RECORDS FOR THIS TASK Block Start

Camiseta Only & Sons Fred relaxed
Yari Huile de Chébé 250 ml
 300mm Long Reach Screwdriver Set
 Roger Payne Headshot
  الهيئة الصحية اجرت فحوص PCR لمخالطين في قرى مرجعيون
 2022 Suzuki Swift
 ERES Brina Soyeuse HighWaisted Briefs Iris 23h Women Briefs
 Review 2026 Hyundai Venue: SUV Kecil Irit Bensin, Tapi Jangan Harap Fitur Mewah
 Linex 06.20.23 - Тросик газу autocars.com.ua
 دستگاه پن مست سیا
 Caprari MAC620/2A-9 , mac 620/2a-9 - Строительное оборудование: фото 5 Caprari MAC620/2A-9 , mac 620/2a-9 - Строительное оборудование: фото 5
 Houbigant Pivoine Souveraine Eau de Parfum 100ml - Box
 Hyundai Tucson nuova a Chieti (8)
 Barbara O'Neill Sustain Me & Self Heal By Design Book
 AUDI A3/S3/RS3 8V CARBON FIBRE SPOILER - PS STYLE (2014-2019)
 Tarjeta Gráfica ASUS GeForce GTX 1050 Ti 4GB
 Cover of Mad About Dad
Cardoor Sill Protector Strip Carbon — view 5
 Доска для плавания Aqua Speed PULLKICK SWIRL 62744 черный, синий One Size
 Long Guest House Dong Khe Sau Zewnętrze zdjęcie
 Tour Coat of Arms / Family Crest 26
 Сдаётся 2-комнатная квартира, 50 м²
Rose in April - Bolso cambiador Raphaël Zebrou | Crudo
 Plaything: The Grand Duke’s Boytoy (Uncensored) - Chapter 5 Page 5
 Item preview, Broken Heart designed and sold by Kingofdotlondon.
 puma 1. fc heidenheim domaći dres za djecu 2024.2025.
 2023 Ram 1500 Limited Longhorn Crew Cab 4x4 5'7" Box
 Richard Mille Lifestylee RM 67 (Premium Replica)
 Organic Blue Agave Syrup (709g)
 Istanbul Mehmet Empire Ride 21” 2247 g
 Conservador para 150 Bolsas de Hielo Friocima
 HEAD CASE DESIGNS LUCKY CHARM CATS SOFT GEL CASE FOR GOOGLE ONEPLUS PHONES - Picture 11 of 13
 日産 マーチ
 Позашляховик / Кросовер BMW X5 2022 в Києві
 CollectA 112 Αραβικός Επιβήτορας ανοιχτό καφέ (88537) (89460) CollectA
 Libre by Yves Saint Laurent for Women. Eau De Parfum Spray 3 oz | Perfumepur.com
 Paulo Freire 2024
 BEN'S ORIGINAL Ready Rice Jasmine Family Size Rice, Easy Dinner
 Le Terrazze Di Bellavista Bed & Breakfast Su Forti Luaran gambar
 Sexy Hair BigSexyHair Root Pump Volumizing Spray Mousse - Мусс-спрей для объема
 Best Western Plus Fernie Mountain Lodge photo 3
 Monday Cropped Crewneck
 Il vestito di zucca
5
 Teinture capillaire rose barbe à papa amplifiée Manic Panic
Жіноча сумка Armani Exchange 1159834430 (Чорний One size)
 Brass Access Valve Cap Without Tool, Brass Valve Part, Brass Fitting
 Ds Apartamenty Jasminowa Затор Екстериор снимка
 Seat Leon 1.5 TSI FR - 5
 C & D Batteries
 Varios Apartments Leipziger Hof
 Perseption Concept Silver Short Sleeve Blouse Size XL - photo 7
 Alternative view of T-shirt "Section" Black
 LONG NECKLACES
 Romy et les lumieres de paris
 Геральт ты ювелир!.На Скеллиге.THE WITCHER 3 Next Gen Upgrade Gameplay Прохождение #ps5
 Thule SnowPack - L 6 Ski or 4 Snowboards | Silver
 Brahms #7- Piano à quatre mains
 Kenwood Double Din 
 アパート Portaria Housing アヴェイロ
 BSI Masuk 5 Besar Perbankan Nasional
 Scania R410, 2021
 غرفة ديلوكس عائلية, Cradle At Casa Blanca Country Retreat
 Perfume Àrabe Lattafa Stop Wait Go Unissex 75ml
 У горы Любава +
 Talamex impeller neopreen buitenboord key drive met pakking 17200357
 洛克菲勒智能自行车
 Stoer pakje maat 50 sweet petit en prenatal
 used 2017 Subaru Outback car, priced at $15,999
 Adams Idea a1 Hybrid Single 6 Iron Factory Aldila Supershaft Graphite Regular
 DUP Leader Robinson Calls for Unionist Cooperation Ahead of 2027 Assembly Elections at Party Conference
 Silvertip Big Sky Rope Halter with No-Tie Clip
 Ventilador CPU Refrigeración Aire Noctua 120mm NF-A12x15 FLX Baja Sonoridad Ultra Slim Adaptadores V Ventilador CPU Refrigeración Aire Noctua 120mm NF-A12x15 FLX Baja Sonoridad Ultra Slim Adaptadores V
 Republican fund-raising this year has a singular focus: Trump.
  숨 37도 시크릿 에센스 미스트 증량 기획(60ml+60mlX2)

RECORDS FOR THIS TASK Block End

EXERCISE PROMPT
Could you restate all of the lines above without altering a single word?

EXERCISE RESPONSE
Camiseta Only & Sons Fred relaxed
Yari Huile de Chébé 250 ml
 300mm Long Reach Screwdriver Set
 Roger Payne Headshot
  الهيئة الصحية اجرت فحوص PCR لمخالطين في قرى مرجعيون
 2022 Suzuki Swift
 ERES Brina Soyeuse HighWaisted Briefs Iris 23h Women Briefs
 Review 2026 Hyundai Venue: SUV Kecil Irit Bensin, Tapi Jangan Harap Fitur Mewah
 Linex 06.20.23 - Тросик газу autocars.com.ua
 دستگاه پن مست سیا
 Caprari MAC620/2A-9 , mac 620/2a-9 - Строительное оборудование: фото 5 Caprari MAC620/2A-9 , mac 620/2a-9 - Строительное оборудование: фото 5
 Houbigant Pivoine Souveraine Eau de Parfum 100ml - Box
 Hyundai Tucson nuova a Chieti (8)
 Barbara O'Neill Sustain Me & Self Heal By Design Book
 AUDI A3/S3/RS3 8V CARBON FIBRE SPOILER - PS STYLE (2014-2019)
 Tarjeta Gráfica ASUS GeForce GTX 1050 Ti 4GB
 Cover of Mad About Dad
Cardoor Sill Protector Strip Carbon — view 5
 Доска для плавания Aqua Speed PULLKICK SWIRL 62744 черный, синий One Size
 Long Guest House Dong Khe Sau Zewnętrze zdjęcie
 Tour Coat of Arms / Family Crest 26
 Сдаётся 2-комнатная квартира, 50 м²
Rose in April - Bolso cambiador Raphaël Zebrou | Crudo
 Plaything: The Grand Duke’s Boytoy (Uncensored) - Chapter 5 Page 5
 Item preview, Broken Heart designed and sold by Kingofdotlondon.
 puma 1. fc heidenheim domaći dres za djecu 2024.2025.
 2023 Ram 1500 Limited Longhorn Crew Cab 4x4 5'7" Box
 Richard Mille Lifestylee RM 67 (Premium Replica)
 Organic Blue Agave Syrup (709g)
 Istanbul Mehmet Empire Ride 21” 2247 g
 Conservador para 150 Bolsas de Hielo Friocima
 HEAD CASE DESIGNS LUCKY CHARM CATS SOFT GEL CASE FOR GOOGLE ONEPLUS PHONES - Picture 11 of 13
 日産 マーチ
 Позашляховик / Кросовер BMW X5 2022 в Києві
 CollectA 112 Αραβικός Επιβήτορας ανοιχτό καφέ (88537) (89460) CollectA
 Libre by Yves Saint Laurent for Women. Eau De Parfum Spray 3 oz | Perfumepur.com
 Paulo Freire 2024
 BEN'S ORIGINAL Ready Rice Jasmine Family Size Rice, Easy Dinner
 Le Terrazze Di Bellavista Bed & Breakfast Su Forti Luaran gambar
 Sexy Hair BigSexyHair Root Pump Volumizing Spray Mousse - Мусс-спрей для объема
 Best Western Plus Fernie Mountain Lodge photo 3
 Monday Cropped Crewneck
 Il vestito di zucca
5
 Teinture capillaire rose barbe à papa amplifiée Manic Panic
Жіноча сумка Armani Exchange 1159834430 (Чорний One size)
 Brass Access Valve Cap Without Tool, Brass Valve Part, Brass Fitting
 Ds Apartamenty Jasminowa Затор Екстериор снимка
 Seat Leon 1.5 TSI FR - 5
 C & D Batteries
 Varios Apartments Leipziger Hof
 Perseption Concept Silver Short Sleeve Blouse Size XL - photo 7
 Alternative view of T-shirt "Section" Black
 LONG NECKLACES
 Romy et les lumieres de paris
 Геральт ты ювелир!.На Скеллиге.THE WITCHER 3 Next Gen Upgrade Gameplay Прохождение #ps5
 Thule SnowPack - L 6 Ski or 4 Snowboards | Silver
 Brahms #7- Piano à quatre mains
 Kenwood Double Din 
 アパート Portaria Housing アヴェイロ
 BSI Masuk 5 Besar Perbankan Nasional
 Scania R410, 2021
 غرفة ديلوكس عائلية, Cradle At Casa Blanca Country Retreat
 Perfume Àrabe Lattafa Stop Wait Go Unissex 75ml
 У горы Любава +
 Talamex impeller neopreen buitenboord key drive met pakking 17200357
 洛克菲勒智能自行车
 Stoer pakje maat 50 sweet petit en prenatal
 used 2017 Subaru Outback car, priced at $15,999
 Adams Idea a1 Hybrid Single 6 Iron Factory Aldila Supershaft Graphite Regular
 DUP Leader Robinson Calls for Unionist Cooperation Ahead of 2027 Assembly Elections at Party Conference
 Silvertip Big Sky Rope Halter with No-Tie Clip
 Ventilador CPU Refrigeración Aire Noctua 120mm NF-A12x15 FLX Baja Sonoridad Ultra Slim Adaptadores V Ventilador CPU Refrigeración Aire Noctua 120mm NF-A12x15 FLX Baja Sonoridad Ultra Slim Adaptadores V
 Republican fund-raising this year has a singular focus: Trump.
  숨 37도 시크릿 에센스 미스트 증량 기획(60ml+60mlX2)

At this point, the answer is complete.